> [PROBLEM DESCRIPTION]
Pictures stay out of the copy. Retype exactly the lines below from the one with "DREAMEE dekbedovertrek Bierpul" through the one with "A 35-year-old Japanese".

> [INFORMATION SHOWN]

■ ■ ■

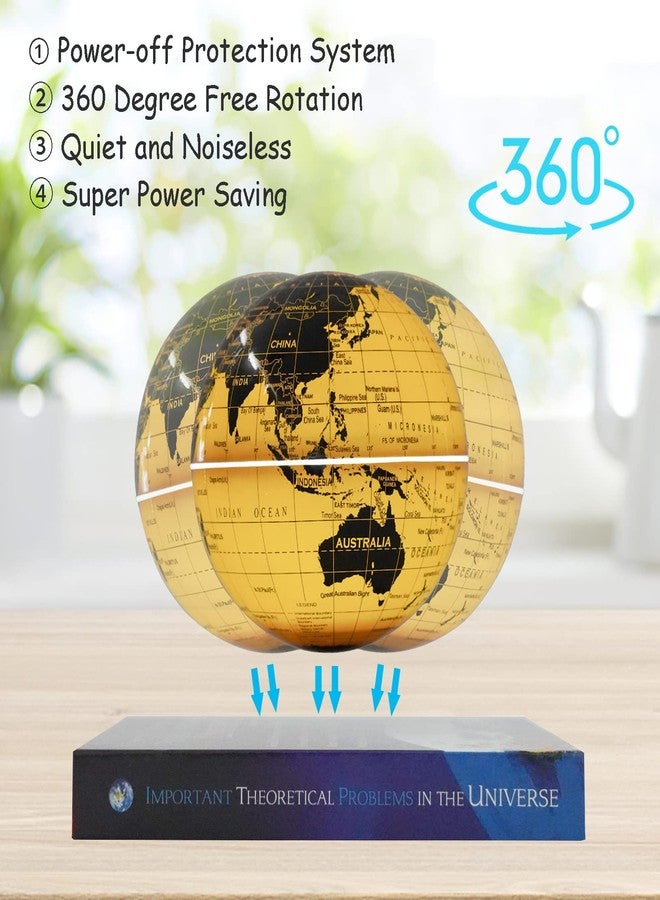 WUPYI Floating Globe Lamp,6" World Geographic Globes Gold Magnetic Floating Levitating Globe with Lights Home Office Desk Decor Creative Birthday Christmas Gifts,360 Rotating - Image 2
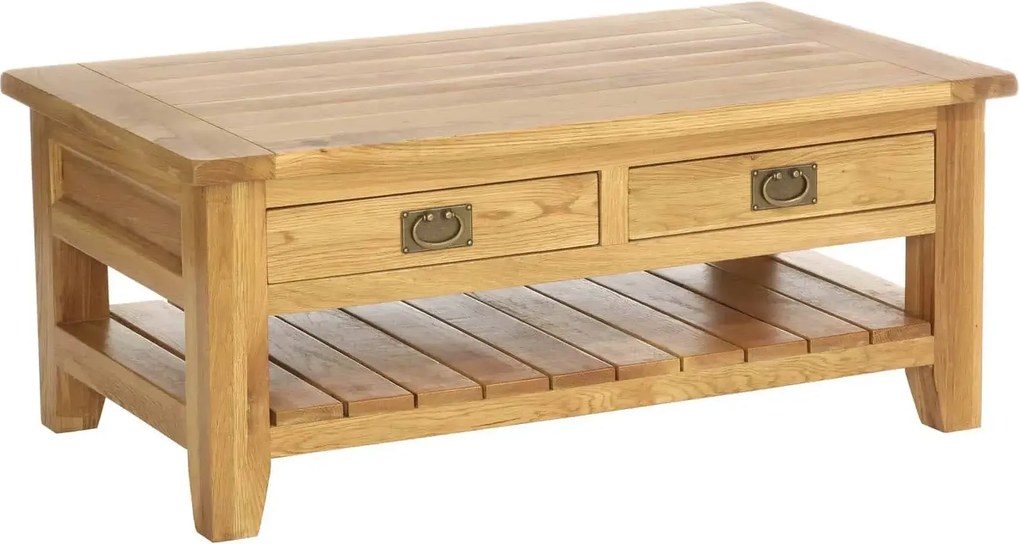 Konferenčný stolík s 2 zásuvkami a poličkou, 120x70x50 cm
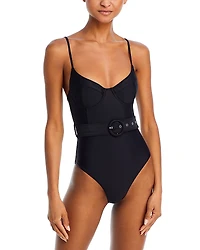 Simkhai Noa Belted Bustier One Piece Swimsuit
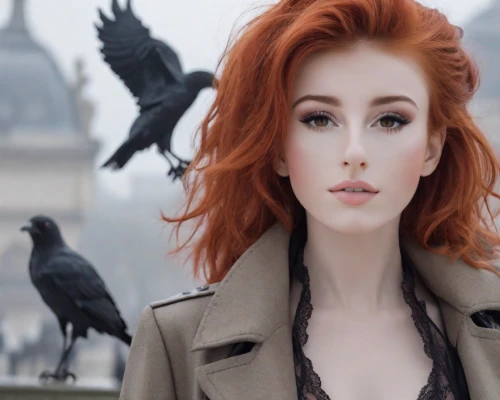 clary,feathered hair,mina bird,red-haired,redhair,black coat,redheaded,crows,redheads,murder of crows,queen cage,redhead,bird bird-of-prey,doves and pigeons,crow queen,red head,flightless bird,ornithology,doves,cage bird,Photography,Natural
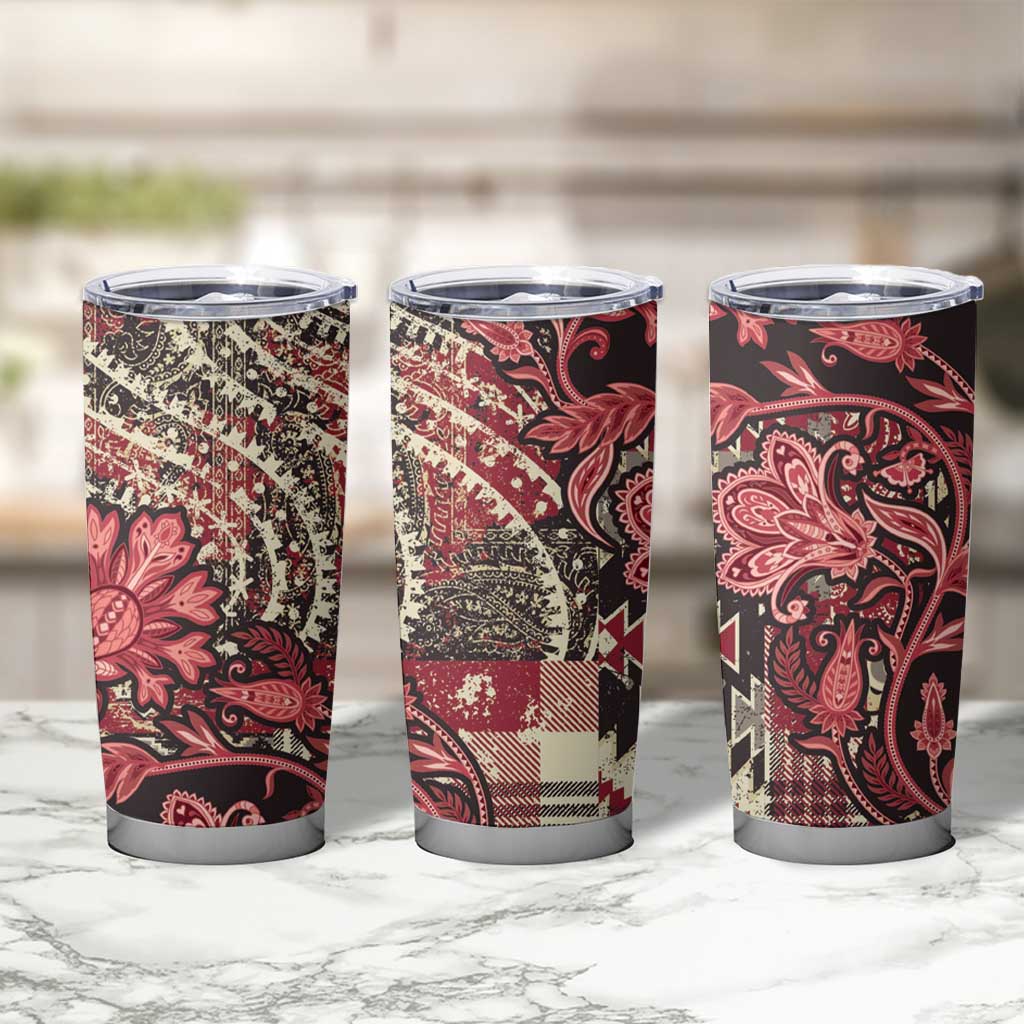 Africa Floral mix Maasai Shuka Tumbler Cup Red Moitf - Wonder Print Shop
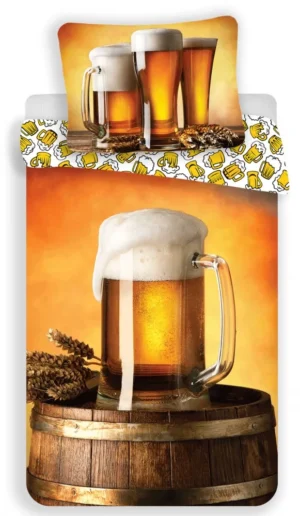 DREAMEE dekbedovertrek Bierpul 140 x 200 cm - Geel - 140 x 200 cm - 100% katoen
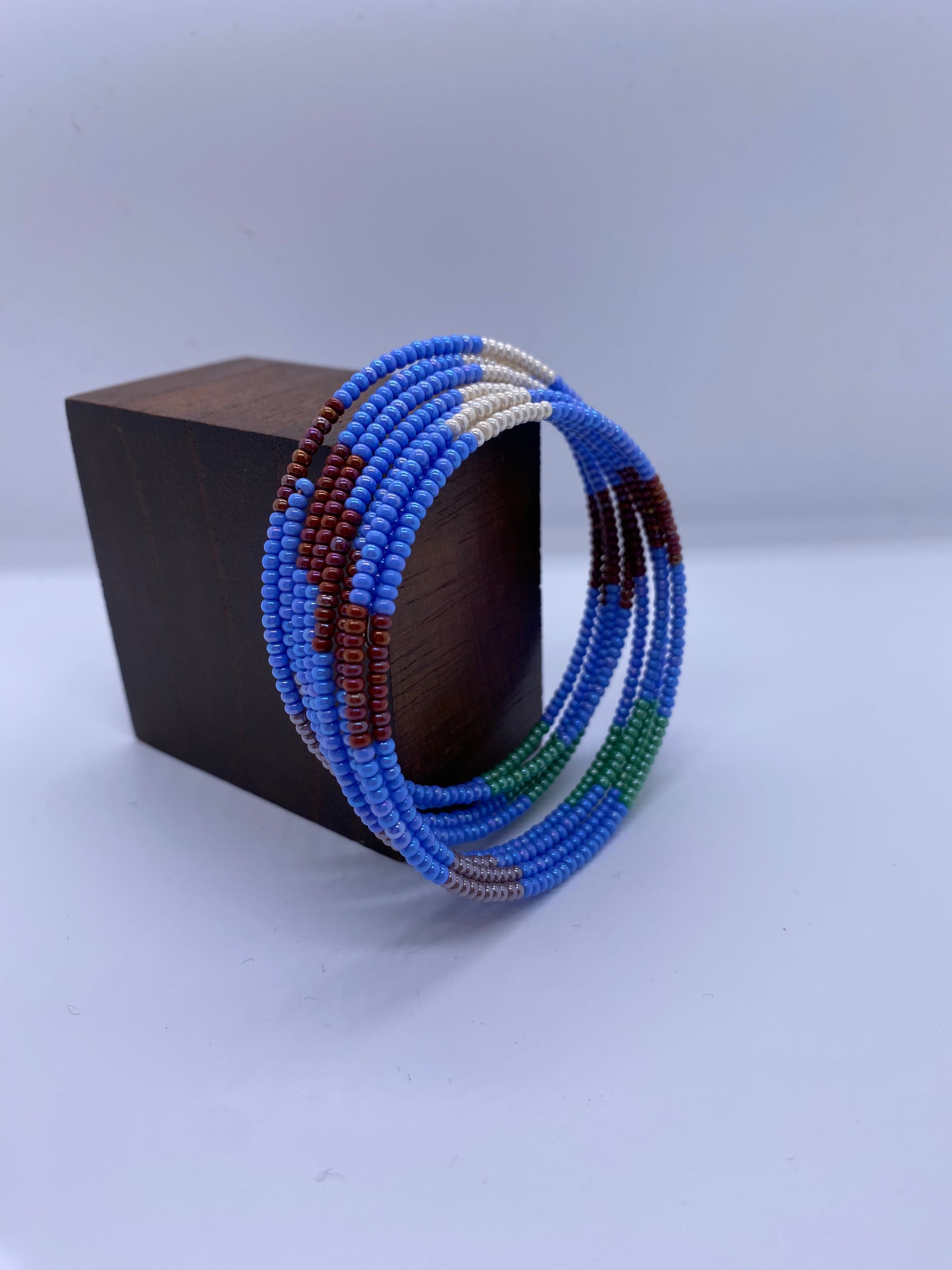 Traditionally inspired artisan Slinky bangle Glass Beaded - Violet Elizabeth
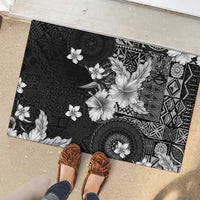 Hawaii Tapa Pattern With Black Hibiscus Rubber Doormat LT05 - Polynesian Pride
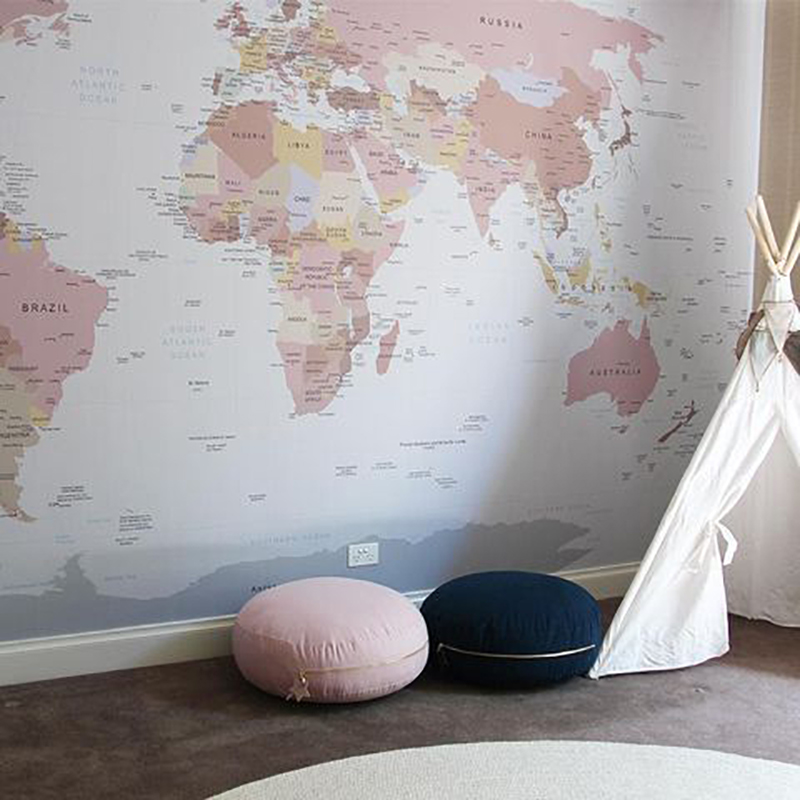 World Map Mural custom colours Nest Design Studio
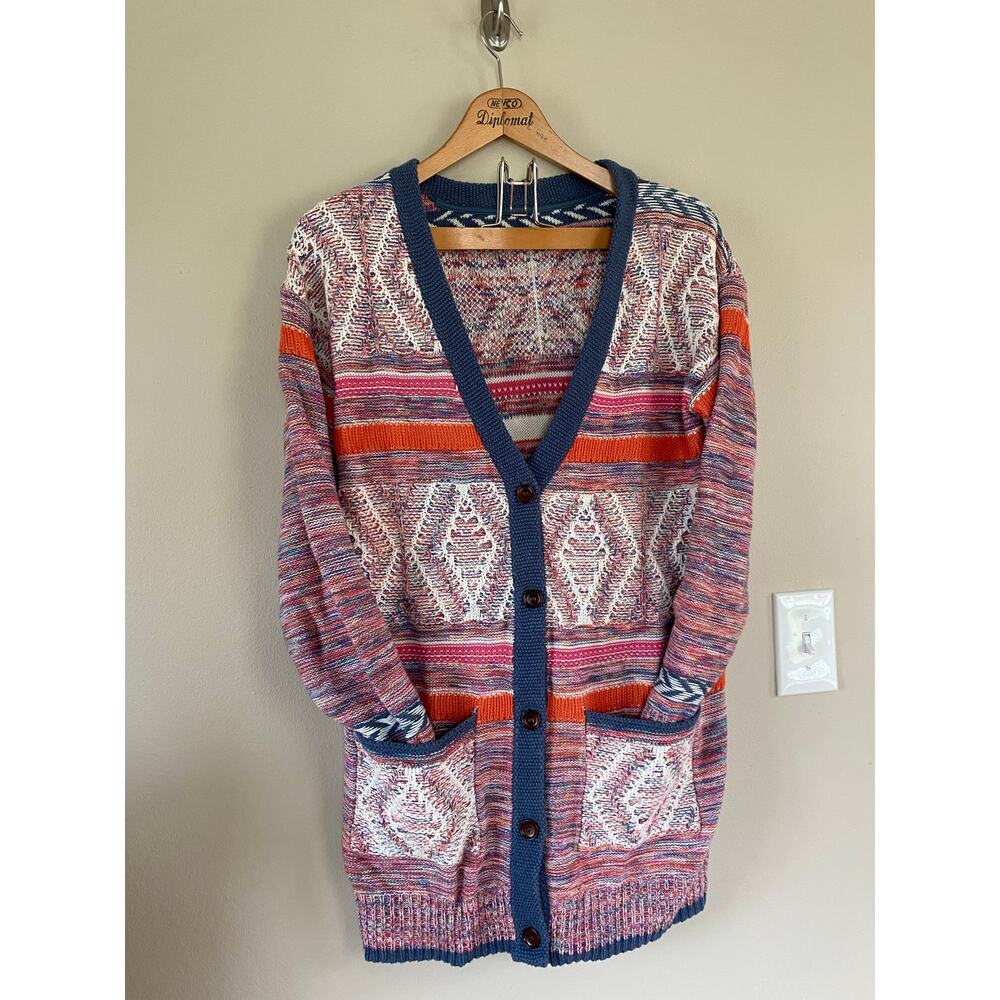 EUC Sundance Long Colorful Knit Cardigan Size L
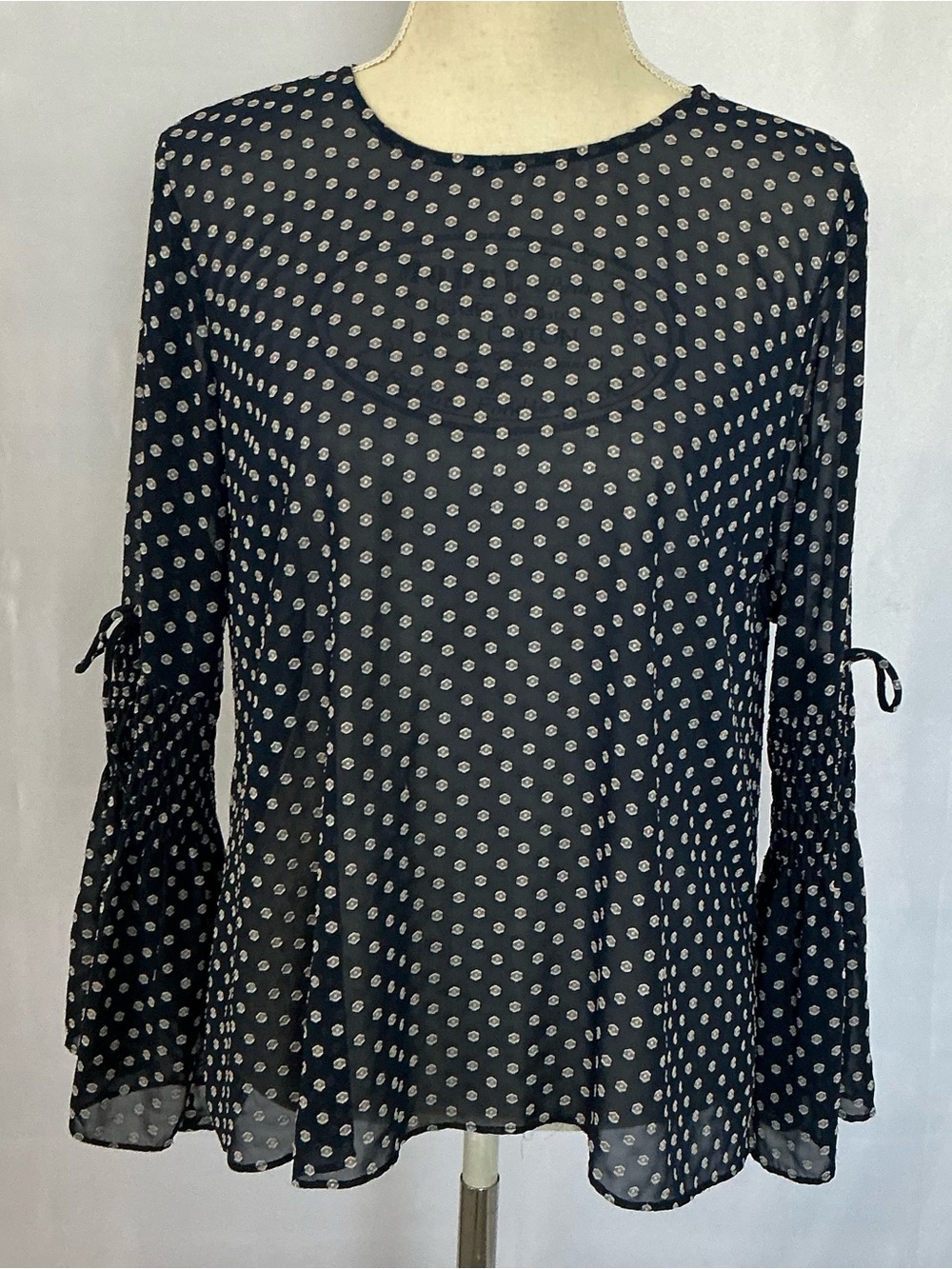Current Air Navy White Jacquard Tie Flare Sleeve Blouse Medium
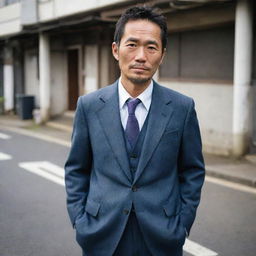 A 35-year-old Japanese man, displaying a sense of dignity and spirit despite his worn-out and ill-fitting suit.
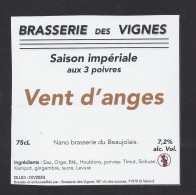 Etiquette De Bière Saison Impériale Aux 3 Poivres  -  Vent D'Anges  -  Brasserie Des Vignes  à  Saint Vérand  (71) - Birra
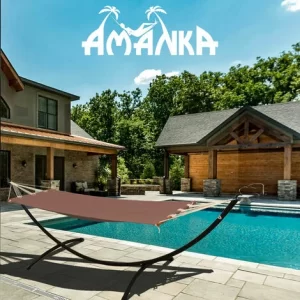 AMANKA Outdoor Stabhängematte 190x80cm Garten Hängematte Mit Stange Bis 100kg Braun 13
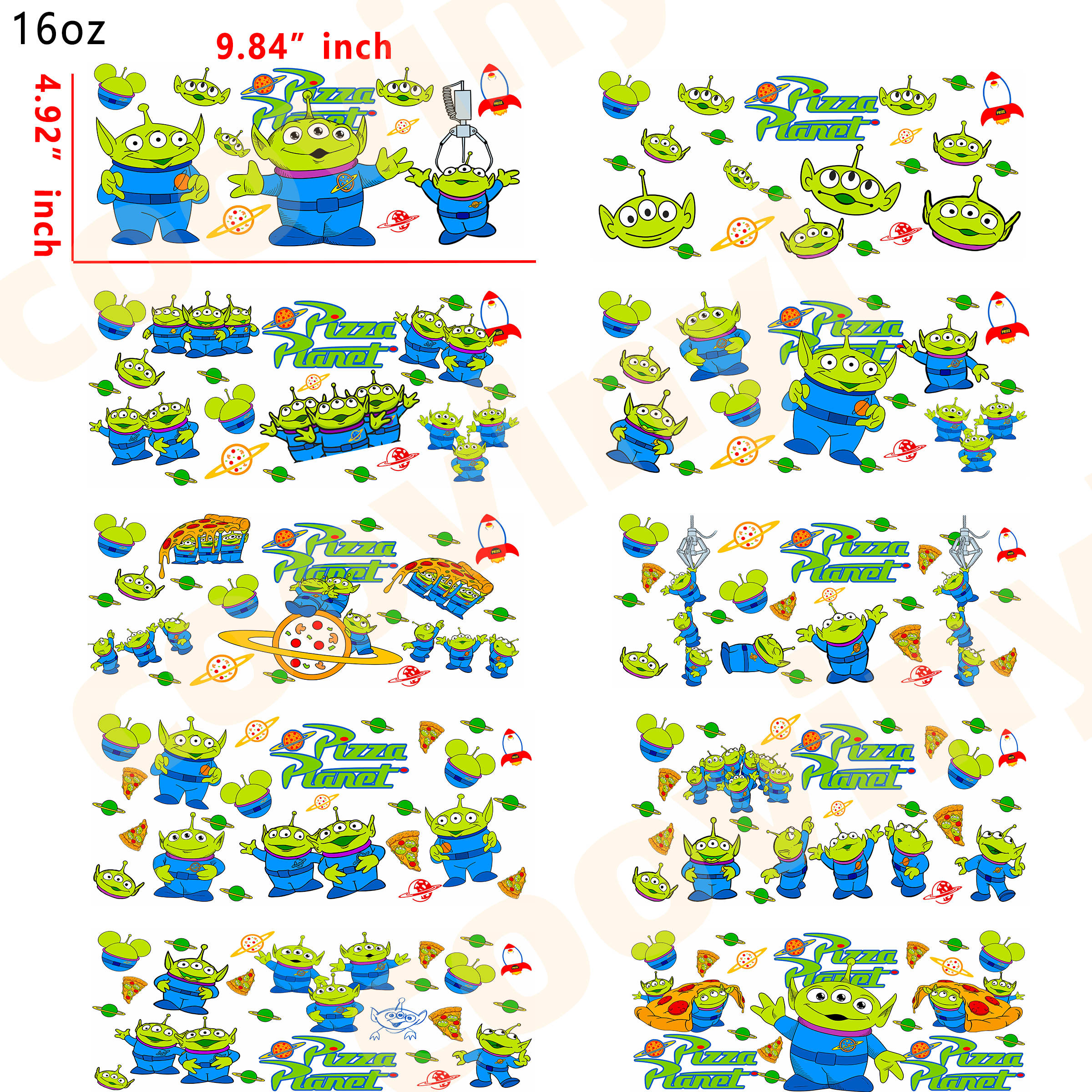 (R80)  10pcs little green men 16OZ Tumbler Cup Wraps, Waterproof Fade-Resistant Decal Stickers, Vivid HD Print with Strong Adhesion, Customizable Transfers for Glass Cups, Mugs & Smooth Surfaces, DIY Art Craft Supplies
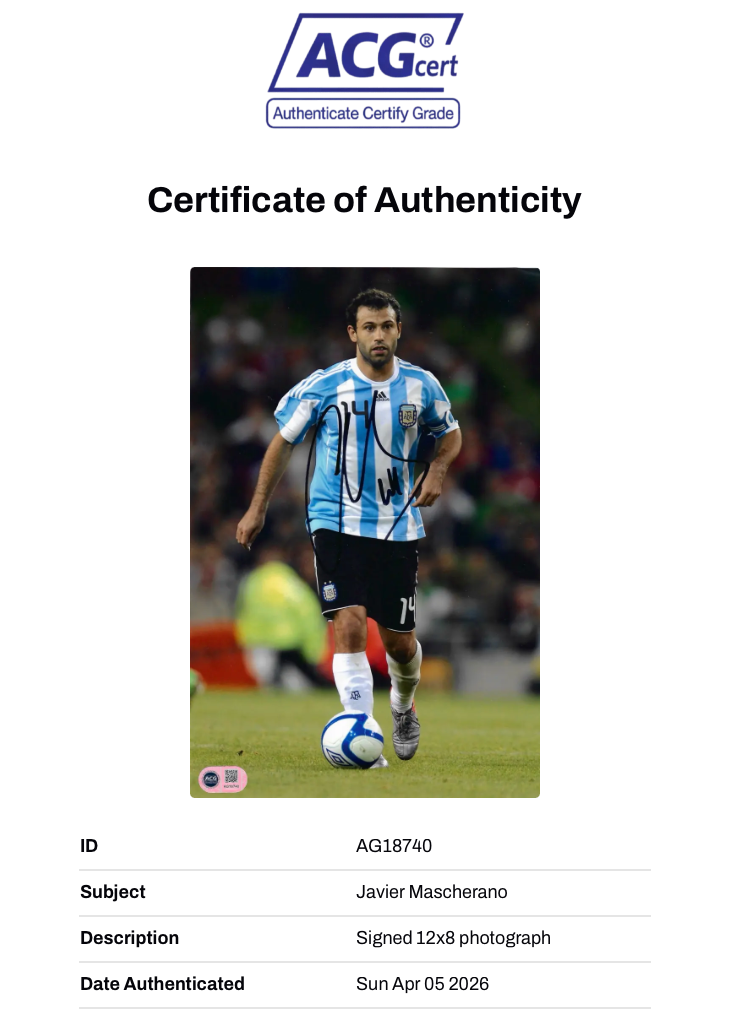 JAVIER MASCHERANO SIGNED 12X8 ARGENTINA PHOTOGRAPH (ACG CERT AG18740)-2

■ ■ ■

> [SOLUTION]
 DREAMEE dekbedovertrek Bierpul 140 x 200 cm - Geel - 140 x 200 cm - 100% katoen
 Traditionally inspired artisan Slinky bangle Glass Beaded - Violet Elizabeth
 Hawaii Tapa Pattern With Black Hibiscus Rubber Doormat LT05 - Polynesian Pride
 World Map Mural custom colours Nest Design Studio
 EUC Sundance Long Colorful Knit Cardigan Size L
Current Air Navy White Jacquard Tie Flare Sleeve Blouse Medium
 A 35-year-old Japanese man, displaying a sense of dignity and spirit despite his worn-out and ill-fitting suit.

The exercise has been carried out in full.